Image-caption web data:

::::::::::

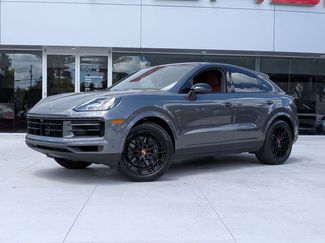 Certified 2025 Porsche Cayenne Coupe AWD/4WD video 1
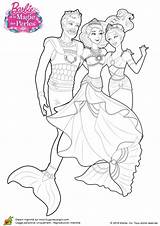 Magie Perles Coloriage Reine Roi Lumina Dessin Sirene Imprimer Princesse Hugolescargot sketch template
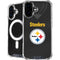 NFL Pittsburgh Steelers Team Jersey iPhone 16 MagSafe Case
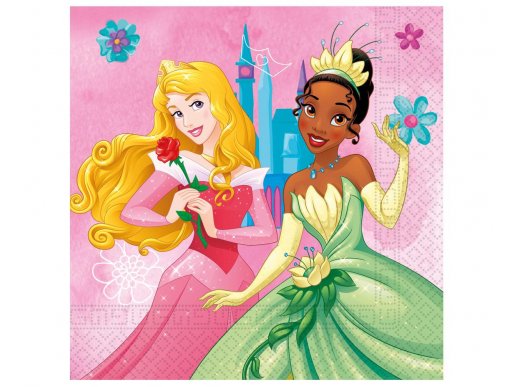 Disney princesses luncheon napkins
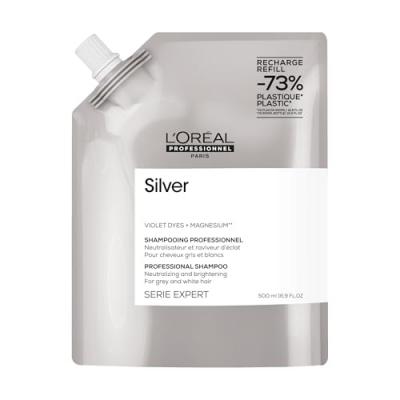 Recharge shampooing Silver L'Or&eacute;al Professionnel 500ml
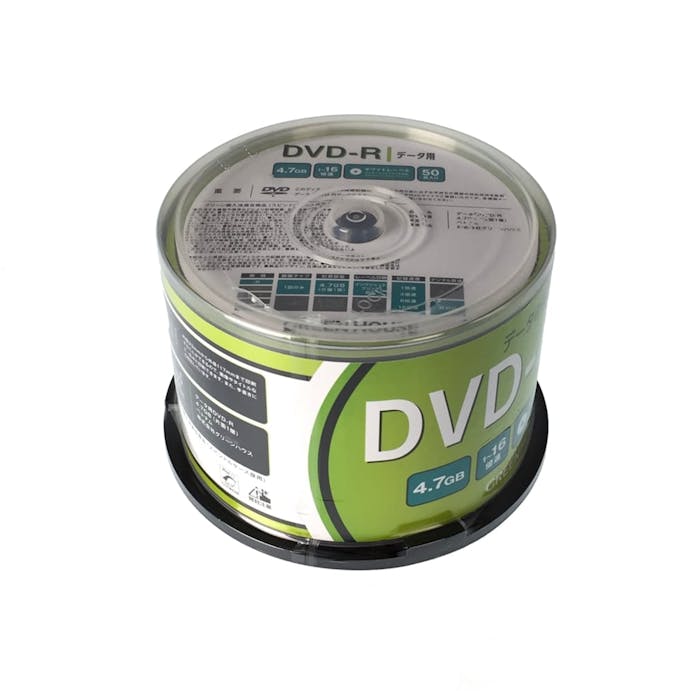 グリーンハウス DVD-R データ SP50枚
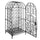 vidaXL Wine Rack for 35 Bottles Metal, 240943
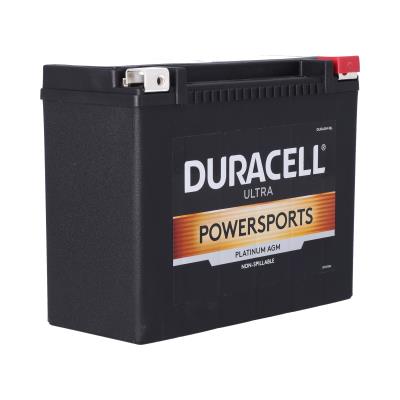 Duracell Ultra 18L-BS 12V 330CCA AGM Powersport Battery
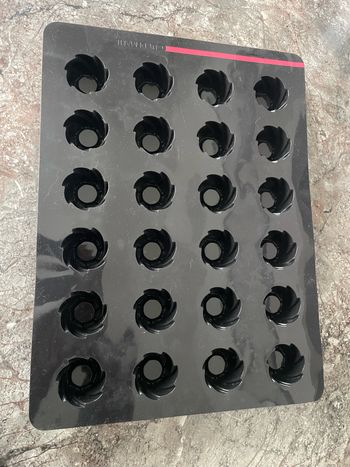 Moule mini spirales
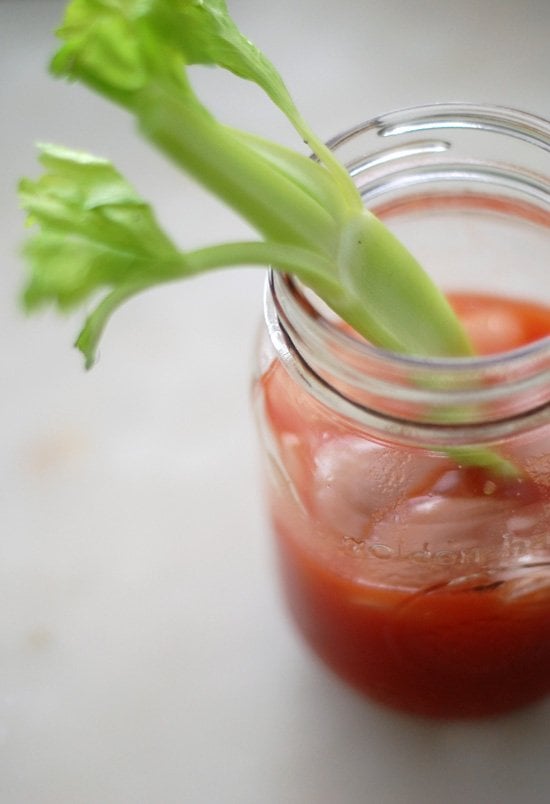 Lighter Bloody Mary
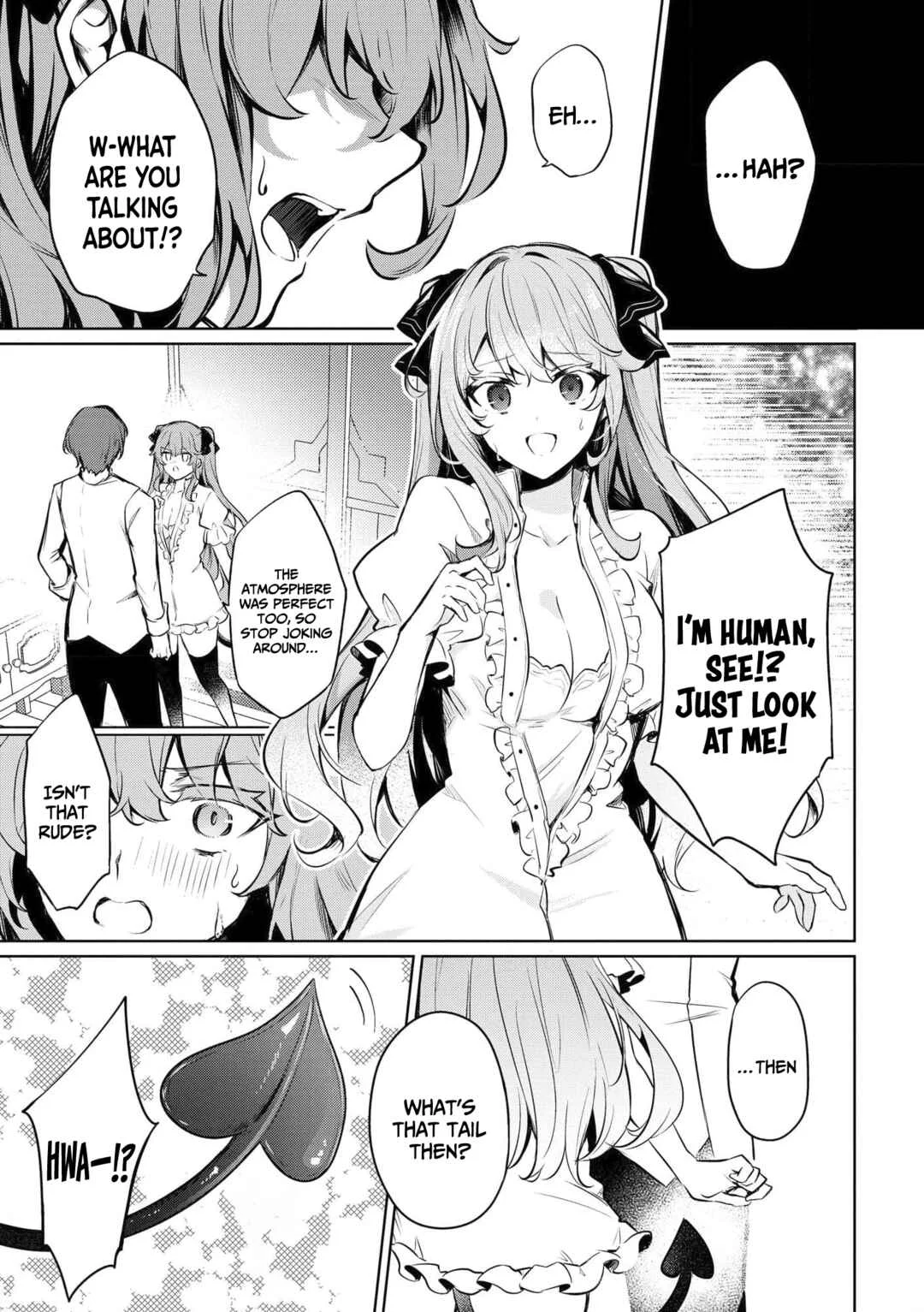 Ponkotsu Succubus to Bocchi Noroi no Boukensha: Nazeka Dojikko Inma to Musou Suru! Chapter 1 - Page 15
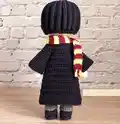 Harry Potter Wizard Boy Amigurumi Pattern step 2 - assembly progress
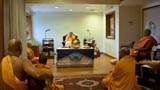  Swamishri performs his morning puja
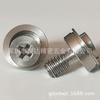 Suministro de Tornillos de Cabeza Avellanada Pr-M3/M4/M5 Localizadores de Montaje Avellanado, Tornillos para Panel de Acero Inoxidable 304 en Forma de Cruz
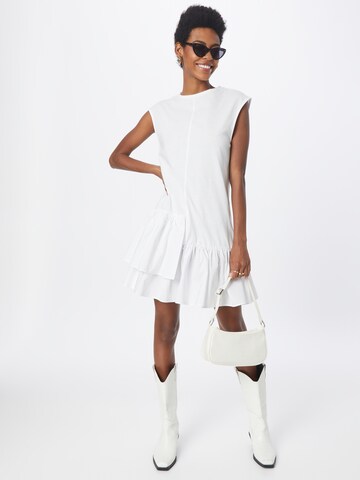 Sisley Cocktail dress in White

::::::::::

:: WHAT IS BEING ASKED ::
Although pictures appear among the records above, none are to be output; print exactly the lines from the line containing "Magie Perles Coloriage" through the line containing "Recharge shampooing Silver".

:: TASK ANSWER ::
 Magie Perles Coloriage Reine Roi Lumina Dessin Sirene Imprimer Princesse Hugolescargot sketch template
 NFL Pittsburgh Steelers Team Jersey iPhone 16 MagSafe Case
 Disney princesses luncheon napkins
 Recharge shampooing Silver L'Or&eacute;al Professionnel 500ml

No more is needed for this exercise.